Getting married for the second time can be exciting, but taking that trip down the aisle again with the same person after a divorce can bring on the jitters and a lot of uncertainty. While you may have experienced some personal growth since the divorce, couples should make sure that they have resolved everything that led them to the divorce attorney’s office in the first place, so that it doesn’t happen again in their new marriage.
Zola is here to help with some advice for remarrying the same person after divorce. Here are some expert suggestions on improving your chances of having a successful second marriage with each other.
Remarrying your ex isn’t easy. Sometimes you just can’t shake that loving feeling when it comes to the one, even if you had to take some time apart. Chloe Cook, licensed marriage and family therapist, says that there are many reasons why divorced couples decide to remarry each other. “Some of the reasons include familiarity and comfort that comes with being with someone for a long time, they have forgiven or forgotten about the bad things that happened in the marriage, maintained a close relationship with the ex’s family, and they’ve realized that the divorce was made in haste and want to give it another try,” she says.
Natalie Murray, LCMHC, and owner of Charlotte WellBeing Institute adds, “They could [still] be in love and haven’t found another connection, and didn’t feel like they got proper closure, or they want to right the wrongs of the past relationship.”
Experts say that it’s important for couples to discuss what has changed since the first marriage and why it ended in divorce the first time. What kind of marriage problems did the husband and wife have to face before it ended in a divorce settlement? Murray says that there are some pertinent questions that must be asked before the subsequent marriage, including: What have they learned? Do they have a different threshold of emotional, mental, and physical boundaries that weren't there before? Figuring out how to keep the same thing from happening should be one of the goals, and working it out during an engagement is ideal.
When starting your "new relationship," you want to be stronger as a couple than the previous marriage. “The engagement should last as long as it takes to work through the reasons for the divorce, improving conflict resolution skills, and any other areas necessary to sustain a satisfying and healthy marriage,” says Cook.
If you plan to move forward with remarrying an ex-spouse, then there are a few things that experts advise.
Seek the help of a professional therapist or counselor to help you identify the issues that caused you to go your separate ways, and for preventive measures. “This is also a good idea to learn new tips to decrease and eliminate patterns of behavior that contributed to the divorce,” says Cook.

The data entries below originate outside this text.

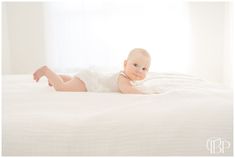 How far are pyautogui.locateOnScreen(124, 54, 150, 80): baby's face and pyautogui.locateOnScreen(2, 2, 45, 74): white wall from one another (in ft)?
7.68

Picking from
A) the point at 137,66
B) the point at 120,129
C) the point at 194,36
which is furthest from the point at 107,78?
the point at 194,36

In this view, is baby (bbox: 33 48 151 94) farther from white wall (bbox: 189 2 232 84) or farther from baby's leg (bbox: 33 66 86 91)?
white wall (bbox: 189 2 232 84)

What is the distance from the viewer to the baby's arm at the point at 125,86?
142cm

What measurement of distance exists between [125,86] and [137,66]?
15cm

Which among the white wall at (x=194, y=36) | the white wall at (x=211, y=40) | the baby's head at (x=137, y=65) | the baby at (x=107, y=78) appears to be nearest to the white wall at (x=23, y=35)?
the white wall at (x=194, y=36)

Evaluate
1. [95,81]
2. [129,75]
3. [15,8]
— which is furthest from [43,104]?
[15,8]

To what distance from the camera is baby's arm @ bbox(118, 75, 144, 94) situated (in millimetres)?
1417

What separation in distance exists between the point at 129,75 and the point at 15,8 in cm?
255

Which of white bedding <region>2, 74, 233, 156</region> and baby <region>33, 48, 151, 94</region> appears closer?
white bedding <region>2, 74, 233, 156</region>

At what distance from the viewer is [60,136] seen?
35.7 inches

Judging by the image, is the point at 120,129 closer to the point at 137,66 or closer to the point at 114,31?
the point at 137,66

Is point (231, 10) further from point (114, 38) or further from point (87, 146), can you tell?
point (87, 146)

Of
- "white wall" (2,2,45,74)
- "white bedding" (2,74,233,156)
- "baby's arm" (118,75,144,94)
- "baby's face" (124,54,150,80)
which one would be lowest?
"white bedding" (2,74,233,156)

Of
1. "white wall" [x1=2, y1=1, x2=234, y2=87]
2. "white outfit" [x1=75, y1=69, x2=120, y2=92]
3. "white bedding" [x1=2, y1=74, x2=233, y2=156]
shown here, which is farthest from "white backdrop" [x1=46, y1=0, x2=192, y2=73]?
"white bedding" [x1=2, y1=74, x2=233, y2=156] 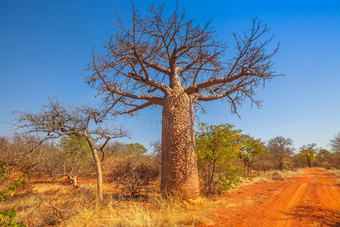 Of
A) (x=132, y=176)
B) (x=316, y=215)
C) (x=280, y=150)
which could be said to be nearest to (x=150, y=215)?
(x=132, y=176)

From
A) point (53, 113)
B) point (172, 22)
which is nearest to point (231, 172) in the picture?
point (172, 22)

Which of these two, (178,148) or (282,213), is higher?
(178,148)

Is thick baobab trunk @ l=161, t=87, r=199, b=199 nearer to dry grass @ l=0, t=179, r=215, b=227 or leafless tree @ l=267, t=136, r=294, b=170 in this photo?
dry grass @ l=0, t=179, r=215, b=227

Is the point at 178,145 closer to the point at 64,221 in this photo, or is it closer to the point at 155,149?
the point at 64,221

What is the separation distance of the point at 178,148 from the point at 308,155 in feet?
83.9

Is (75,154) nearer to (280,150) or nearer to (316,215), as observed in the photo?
(316,215)

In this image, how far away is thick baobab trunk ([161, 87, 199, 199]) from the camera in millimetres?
4098

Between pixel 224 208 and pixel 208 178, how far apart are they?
1.48 m

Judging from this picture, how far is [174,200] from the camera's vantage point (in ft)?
12.7

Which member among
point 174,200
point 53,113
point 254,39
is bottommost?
point 174,200

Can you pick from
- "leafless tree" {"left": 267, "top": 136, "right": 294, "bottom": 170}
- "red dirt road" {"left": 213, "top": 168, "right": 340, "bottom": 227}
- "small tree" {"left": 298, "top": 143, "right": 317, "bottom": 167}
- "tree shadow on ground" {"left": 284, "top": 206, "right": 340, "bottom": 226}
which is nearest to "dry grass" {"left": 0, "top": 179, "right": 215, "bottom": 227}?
"red dirt road" {"left": 213, "top": 168, "right": 340, "bottom": 227}

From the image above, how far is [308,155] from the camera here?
21859mm

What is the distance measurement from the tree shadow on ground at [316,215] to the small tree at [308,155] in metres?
23.5

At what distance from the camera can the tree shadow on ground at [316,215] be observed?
2.88 metres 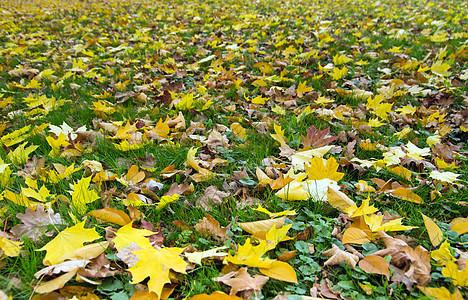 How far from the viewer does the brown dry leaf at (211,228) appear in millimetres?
1285

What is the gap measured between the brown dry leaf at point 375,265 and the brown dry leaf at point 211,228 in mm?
563

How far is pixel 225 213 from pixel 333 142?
1.00 m

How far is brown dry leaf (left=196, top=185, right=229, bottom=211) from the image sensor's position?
4.81 ft

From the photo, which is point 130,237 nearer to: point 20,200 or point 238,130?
point 20,200

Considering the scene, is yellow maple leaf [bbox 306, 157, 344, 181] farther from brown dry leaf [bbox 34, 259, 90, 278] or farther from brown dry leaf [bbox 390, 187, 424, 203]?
brown dry leaf [bbox 34, 259, 90, 278]

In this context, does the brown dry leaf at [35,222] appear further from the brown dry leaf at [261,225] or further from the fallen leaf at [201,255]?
the brown dry leaf at [261,225]

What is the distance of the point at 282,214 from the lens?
1.31 metres

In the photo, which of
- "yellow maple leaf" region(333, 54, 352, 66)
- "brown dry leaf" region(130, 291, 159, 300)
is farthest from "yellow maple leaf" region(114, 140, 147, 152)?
"yellow maple leaf" region(333, 54, 352, 66)

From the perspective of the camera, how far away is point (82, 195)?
4.66ft

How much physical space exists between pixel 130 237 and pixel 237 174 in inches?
27.3

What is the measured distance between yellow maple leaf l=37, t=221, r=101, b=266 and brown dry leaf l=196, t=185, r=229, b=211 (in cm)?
51

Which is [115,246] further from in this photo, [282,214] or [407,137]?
[407,137]

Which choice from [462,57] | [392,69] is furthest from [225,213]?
[462,57]

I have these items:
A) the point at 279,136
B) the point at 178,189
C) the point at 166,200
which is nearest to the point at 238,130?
the point at 279,136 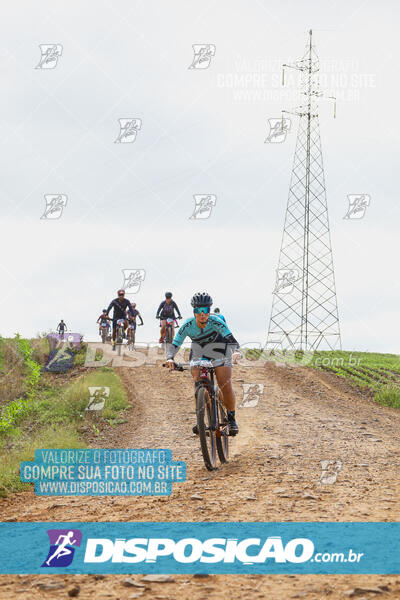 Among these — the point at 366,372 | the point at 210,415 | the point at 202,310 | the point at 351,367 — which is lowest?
the point at 210,415

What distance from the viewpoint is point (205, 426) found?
8609 millimetres

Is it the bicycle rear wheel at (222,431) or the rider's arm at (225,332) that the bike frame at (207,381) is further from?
the rider's arm at (225,332)

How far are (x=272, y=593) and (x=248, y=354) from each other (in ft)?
70.7

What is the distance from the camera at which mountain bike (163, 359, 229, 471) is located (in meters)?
8.49

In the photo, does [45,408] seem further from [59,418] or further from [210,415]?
[210,415]

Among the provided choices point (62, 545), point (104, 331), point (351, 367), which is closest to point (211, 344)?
point (62, 545)

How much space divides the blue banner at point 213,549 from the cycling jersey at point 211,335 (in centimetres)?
353

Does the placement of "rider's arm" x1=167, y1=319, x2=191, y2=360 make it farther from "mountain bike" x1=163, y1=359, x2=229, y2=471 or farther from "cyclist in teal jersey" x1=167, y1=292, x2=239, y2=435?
"mountain bike" x1=163, y1=359, x2=229, y2=471

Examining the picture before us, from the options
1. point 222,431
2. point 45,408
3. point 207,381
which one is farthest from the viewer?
point 45,408

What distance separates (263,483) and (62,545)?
3.00m

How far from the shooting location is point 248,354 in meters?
25.8

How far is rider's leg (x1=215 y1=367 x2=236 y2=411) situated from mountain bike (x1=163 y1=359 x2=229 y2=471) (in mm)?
86

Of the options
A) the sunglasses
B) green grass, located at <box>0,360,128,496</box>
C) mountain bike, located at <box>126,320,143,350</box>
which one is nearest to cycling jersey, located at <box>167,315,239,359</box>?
the sunglasses

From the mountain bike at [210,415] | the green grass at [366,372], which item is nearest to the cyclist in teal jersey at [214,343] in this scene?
the mountain bike at [210,415] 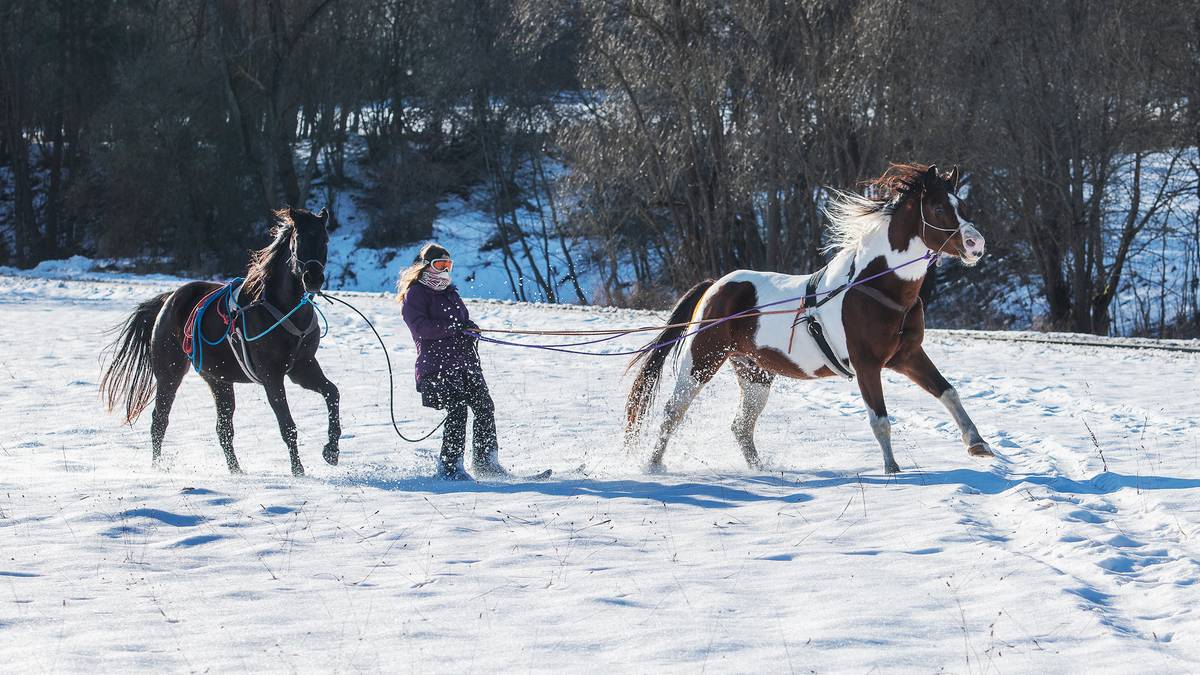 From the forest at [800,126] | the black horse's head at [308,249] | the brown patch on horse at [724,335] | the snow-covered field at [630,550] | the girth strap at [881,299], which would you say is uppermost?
the forest at [800,126]

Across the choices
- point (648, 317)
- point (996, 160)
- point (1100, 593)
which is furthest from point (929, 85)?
point (1100, 593)

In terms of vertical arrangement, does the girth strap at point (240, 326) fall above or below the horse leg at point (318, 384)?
above

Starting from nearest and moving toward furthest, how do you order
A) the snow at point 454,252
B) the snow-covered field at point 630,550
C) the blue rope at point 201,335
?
1. the snow-covered field at point 630,550
2. the blue rope at point 201,335
3. the snow at point 454,252

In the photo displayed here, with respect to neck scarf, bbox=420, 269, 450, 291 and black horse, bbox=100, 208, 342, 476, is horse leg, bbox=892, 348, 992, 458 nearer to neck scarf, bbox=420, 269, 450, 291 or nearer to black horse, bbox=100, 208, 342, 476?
neck scarf, bbox=420, 269, 450, 291

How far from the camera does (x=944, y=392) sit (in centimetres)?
787

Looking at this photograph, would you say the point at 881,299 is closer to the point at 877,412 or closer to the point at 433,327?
the point at 877,412

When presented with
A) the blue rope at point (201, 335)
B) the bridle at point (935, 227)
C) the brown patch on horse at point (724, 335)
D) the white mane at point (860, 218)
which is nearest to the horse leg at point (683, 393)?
the brown patch on horse at point (724, 335)

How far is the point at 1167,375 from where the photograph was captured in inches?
501

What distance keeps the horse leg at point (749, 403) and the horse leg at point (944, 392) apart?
1060mm

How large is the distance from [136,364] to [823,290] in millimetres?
5696

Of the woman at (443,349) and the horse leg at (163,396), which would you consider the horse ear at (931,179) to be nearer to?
the woman at (443,349)

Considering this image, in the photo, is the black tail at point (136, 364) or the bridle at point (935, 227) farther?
the black tail at point (136, 364)

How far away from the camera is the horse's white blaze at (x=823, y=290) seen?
7.84 meters

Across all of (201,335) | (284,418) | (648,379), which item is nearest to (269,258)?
(201,335) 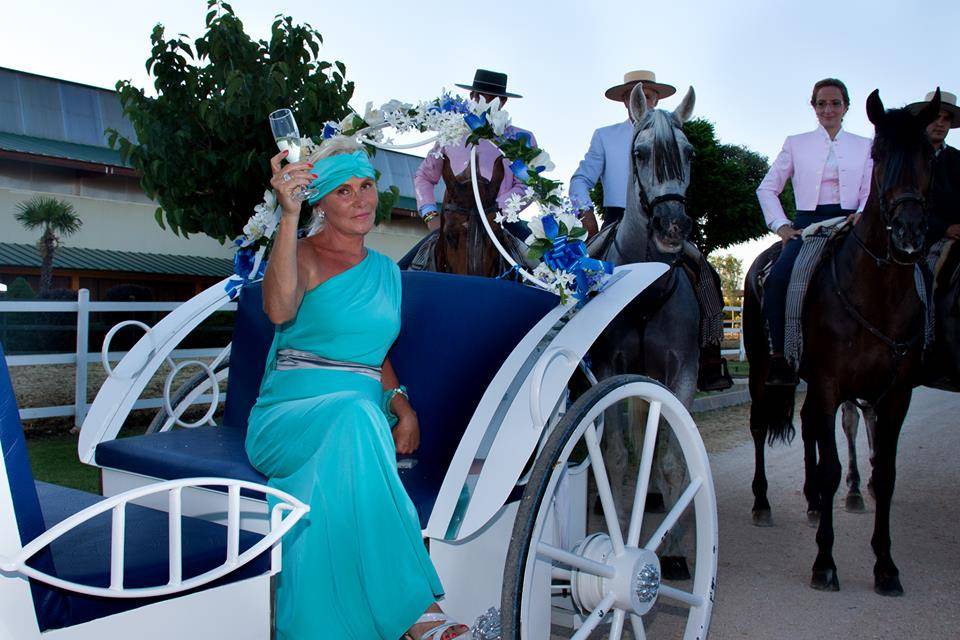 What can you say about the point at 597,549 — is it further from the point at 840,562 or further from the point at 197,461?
the point at 840,562

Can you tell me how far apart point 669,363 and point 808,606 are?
4.47ft

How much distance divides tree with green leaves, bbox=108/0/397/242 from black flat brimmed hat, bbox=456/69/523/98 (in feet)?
6.76

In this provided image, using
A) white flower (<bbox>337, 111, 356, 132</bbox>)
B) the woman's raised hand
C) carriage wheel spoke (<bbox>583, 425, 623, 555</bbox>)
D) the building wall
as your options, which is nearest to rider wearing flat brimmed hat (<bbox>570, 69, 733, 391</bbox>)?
white flower (<bbox>337, 111, 356, 132</bbox>)

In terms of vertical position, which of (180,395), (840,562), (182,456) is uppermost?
(180,395)

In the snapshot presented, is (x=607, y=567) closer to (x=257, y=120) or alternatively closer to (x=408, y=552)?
(x=408, y=552)

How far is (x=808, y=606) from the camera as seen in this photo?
3.71 m

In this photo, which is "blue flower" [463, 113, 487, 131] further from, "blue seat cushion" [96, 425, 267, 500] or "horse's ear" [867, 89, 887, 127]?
"horse's ear" [867, 89, 887, 127]

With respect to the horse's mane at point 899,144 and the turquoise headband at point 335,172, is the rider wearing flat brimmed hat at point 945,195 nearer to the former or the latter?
the horse's mane at point 899,144

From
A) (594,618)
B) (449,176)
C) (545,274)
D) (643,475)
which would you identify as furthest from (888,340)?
(449,176)

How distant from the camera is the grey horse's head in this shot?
401 cm

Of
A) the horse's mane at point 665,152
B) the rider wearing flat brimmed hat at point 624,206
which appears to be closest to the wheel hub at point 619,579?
the horse's mane at point 665,152

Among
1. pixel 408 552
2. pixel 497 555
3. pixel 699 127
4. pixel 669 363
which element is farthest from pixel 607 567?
pixel 699 127

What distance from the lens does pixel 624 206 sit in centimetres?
536

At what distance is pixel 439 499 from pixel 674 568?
2043mm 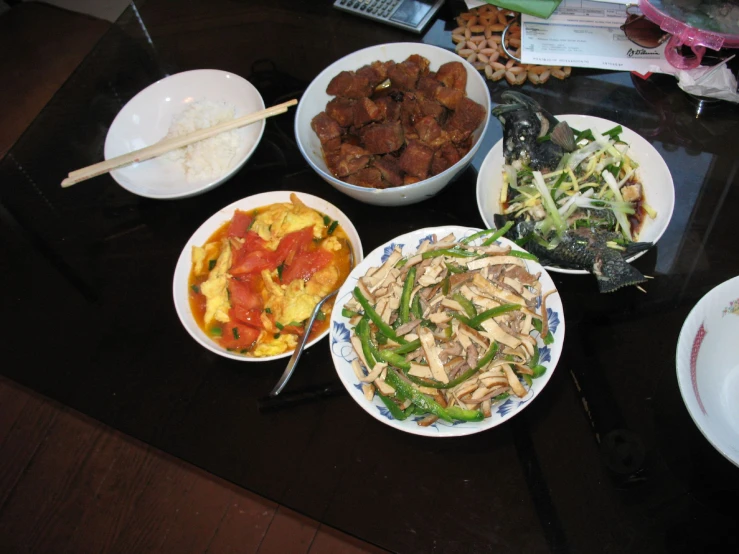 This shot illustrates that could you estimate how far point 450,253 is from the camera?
144 centimetres

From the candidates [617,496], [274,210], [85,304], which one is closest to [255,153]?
[274,210]

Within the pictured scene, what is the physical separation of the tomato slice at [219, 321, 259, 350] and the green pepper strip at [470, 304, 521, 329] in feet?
2.16

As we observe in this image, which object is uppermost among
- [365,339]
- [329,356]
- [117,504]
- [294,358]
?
[365,339]

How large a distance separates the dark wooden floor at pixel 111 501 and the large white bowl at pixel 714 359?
1.24 m

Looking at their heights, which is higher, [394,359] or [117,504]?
[394,359]

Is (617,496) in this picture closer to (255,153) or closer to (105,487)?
(255,153)

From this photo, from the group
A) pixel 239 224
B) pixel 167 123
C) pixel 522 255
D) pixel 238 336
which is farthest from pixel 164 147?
pixel 522 255

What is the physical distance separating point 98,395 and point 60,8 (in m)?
2.78

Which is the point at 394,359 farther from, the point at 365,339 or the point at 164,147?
the point at 164,147

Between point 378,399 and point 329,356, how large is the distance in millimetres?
313

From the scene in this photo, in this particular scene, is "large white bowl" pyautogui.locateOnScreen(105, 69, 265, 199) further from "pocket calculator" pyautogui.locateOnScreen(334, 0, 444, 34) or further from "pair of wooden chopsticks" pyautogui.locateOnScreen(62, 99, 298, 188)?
"pocket calculator" pyautogui.locateOnScreen(334, 0, 444, 34)

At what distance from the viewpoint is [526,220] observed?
5.27 ft

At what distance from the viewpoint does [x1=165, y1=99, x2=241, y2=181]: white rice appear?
204cm

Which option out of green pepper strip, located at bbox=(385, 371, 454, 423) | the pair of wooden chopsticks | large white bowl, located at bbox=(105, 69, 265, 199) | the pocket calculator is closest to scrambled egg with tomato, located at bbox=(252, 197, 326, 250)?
A: large white bowl, located at bbox=(105, 69, 265, 199) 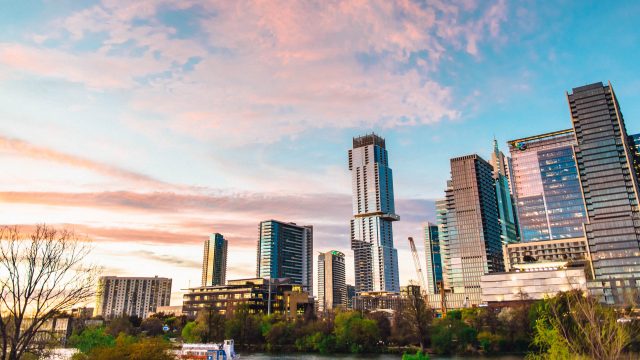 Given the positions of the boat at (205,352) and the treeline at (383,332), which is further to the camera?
the treeline at (383,332)

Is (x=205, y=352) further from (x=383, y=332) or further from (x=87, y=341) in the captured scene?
(x=383, y=332)

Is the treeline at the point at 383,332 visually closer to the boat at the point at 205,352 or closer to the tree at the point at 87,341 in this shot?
the tree at the point at 87,341

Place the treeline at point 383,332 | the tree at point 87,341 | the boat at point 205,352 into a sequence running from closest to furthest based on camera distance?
the tree at point 87,341, the boat at point 205,352, the treeline at point 383,332

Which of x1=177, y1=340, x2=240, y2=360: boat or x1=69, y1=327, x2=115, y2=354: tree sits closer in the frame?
x1=69, y1=327, x2=115, y2=354: tree

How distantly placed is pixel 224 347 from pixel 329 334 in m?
42.6

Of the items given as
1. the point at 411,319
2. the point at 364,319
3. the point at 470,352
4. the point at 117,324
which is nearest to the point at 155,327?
the point at 117,324

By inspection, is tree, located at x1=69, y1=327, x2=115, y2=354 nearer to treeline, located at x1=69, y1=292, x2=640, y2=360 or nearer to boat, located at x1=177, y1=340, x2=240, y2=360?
treeline, located at x1=69, y1=292, x2=640, y2=360

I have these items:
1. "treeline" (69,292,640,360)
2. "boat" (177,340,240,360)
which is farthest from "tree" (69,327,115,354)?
"boat" (177,340,240,360)

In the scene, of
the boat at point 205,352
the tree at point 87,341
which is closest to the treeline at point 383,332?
the tree at point 87,341

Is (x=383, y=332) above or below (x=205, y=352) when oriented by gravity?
above

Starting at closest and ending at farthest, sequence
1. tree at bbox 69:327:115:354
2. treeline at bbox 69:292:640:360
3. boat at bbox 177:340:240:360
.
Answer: tree at bbox 69:327:115:354, boat at bbox 177:340:240:360, treeline at bbox 69:292:640:360

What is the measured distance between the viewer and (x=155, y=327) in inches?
7131

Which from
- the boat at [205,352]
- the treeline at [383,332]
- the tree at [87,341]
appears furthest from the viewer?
the treeline at [383,332]

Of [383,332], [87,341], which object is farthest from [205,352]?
[383,332] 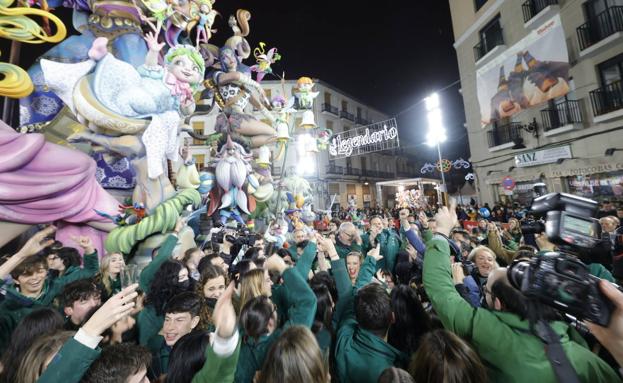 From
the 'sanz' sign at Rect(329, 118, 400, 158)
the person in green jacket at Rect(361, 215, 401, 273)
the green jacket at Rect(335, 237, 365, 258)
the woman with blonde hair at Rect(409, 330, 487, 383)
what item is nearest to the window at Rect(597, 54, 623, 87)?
the 'sanz' sign at Rect(329, 118, 400, 158)

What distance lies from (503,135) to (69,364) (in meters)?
16.2

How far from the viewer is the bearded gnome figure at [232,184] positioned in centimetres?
841

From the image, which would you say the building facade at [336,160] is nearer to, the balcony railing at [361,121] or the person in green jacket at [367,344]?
the balcony railing at [361,121]

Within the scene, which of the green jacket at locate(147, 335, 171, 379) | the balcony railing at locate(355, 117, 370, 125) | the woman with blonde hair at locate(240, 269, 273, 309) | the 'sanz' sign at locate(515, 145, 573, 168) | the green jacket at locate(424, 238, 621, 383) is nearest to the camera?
the green jacket at locate(424, 238, 621, 383)

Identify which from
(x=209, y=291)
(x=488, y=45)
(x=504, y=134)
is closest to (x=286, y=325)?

Being engaged brings about all kinds of anxiety as it is, but take your time to make sure that you are truly ready to exchange wedding vows again for your new marriage. “Don’t rush to get married, make sure you are both on the same page with working through your previous marital issues, and set a relationship goal to meet before the decision to marry is made,” advises Cook. “Have monthly or quarterly check-ins with each other on what is working and what needs to be tweaked,” she says. Murray says that you also have to be okay with knowing that it may not work out this time around either.
Just because you are familiar with each other doesn’t mean that you are still attuned to each other’s growth during your separation. Before you jump into another subsequent marriage, take time to get to know each other as your current self. “Take your time relearning the person, and date them all over again,” says Murray. She adds that you shouldn’t assume or expect to fall back into the same roles and habits as your prior relationship. “Both parties have created new lives and new habits for themselves,” she adds.
It’s already complicated enough to work through your issues from your previous relationship, but adding others into the mix will make it even more difficult. “Don’t involve children, family, and friends right away,” says Murray. She suggests getting to know yourselves as a reunited couple before announcing that you are back together.
It’s not all hard work and no play. You don’t have to dwell on the past all the time, so having fun with each other and creating new memories will help your relationship. “Celebrate your new and rekindled love as often as possible,” says Cook.